Specifying Exact CPU Instruction Set with Cythonized Python Wheels
The pip infrastructure doesn't support such granularity.
I think a better approach would be to have two versions of the Cython-extension compiled: with -march=native
and without, to install both and to decide at the run time which one should be loaded.
Here is a proof of concept.
The first hoop to jump: how to check at run time which instructions are supported by CPU/OS combination. For the simplicity we will check for AVX (this SO-post has more details) and I offer only a gcc-specific (see also this) solution - called impl_picker.pyx
:
cdef extern from *:
"""
int cpu_supports_avx(void){
return __builtin_cpu_supports("avx");
}
"""
int cpu_supports_avx()
def cpu_has_avx_support():
return cpu_supports_avx() != 0
The second problem: the pyx-file and the module must have the same name.
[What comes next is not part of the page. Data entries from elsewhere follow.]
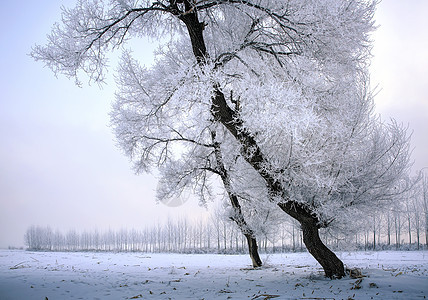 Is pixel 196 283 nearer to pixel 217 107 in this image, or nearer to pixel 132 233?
pixel 217 107

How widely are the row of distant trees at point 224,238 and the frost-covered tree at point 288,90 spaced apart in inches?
57.3

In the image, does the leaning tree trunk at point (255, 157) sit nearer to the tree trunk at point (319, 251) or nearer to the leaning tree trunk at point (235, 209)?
the tree trunk at point (319, 251)

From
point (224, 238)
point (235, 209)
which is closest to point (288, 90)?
point (235, 209)

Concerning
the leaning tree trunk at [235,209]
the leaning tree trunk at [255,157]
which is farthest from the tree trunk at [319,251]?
the leaning tree trunk at [235,209]

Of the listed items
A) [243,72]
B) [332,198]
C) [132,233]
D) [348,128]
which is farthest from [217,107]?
[132,233]

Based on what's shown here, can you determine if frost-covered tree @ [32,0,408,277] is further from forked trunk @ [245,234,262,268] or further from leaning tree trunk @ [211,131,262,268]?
forked trunk @ [245,234,262,268]

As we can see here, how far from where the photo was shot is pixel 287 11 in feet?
19.0

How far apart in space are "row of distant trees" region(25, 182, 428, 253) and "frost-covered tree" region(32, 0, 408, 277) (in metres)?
1.45

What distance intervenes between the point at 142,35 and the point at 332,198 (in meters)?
6.37

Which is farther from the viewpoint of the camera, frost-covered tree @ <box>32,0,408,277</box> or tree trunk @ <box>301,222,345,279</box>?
tree trunk @ <box>301,222,345,279</box>

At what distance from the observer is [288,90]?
523 cm

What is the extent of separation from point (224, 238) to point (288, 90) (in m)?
33.0

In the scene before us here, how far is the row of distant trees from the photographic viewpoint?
43.4 ft

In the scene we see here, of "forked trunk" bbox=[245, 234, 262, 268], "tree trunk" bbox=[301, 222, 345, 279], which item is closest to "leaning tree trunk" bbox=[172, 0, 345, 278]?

To avoid code duplication, the actual code is in a pxi-file:
# worker.pxi
cdef extern from *:
"""
int compiled_with_avx(void){
#ifdef __AVX__
return 1;
#else
return 0;
#endif
}
"""
int compiled_with_avx()
def compiled_with_avx_support():
return compiled_with_avx() != 0
As one can see, the function compiled_with_avx_support
will yield different results, depending on whether it was compiled with -march=native
or not.
And now we can define two versions of the module just by including the actual code from the *.pxi-file. One module called worker_native.pyx
:
# distutils: extra_compile_args=["-march=native"]
include "worker.pxi"
and worker_fallback.pyx
:
include "worker.pxi"
Building everything, e.g. via cythonize -i -3 *.pyx
, it can be used as follows:
from impl_picker import cpu_has_avx_support
# overhead once when imported:
if cpu_has_avx_support():
import worker_native as worker
else:
print("using fallback worker")
import worker_fallback as worker
print("compiled_with_avx_support:", worker.compiled_with_avx_support())
On my machine the above would lead to compiled_with_avx_support: True
, on older machines the "slower" worker_fallback
will be used and the result will be compiled_with_avx_support: False
.
The goal of this post is not to give a working setup.py
, but just to outline the idea how one could achieve the goal of picking correct version at the run time. Obviously, the setup.py could be quite more complicated: e.g. one would need to compile multiple c-files with different compiler settings (see this SO-post, how this could be achieved).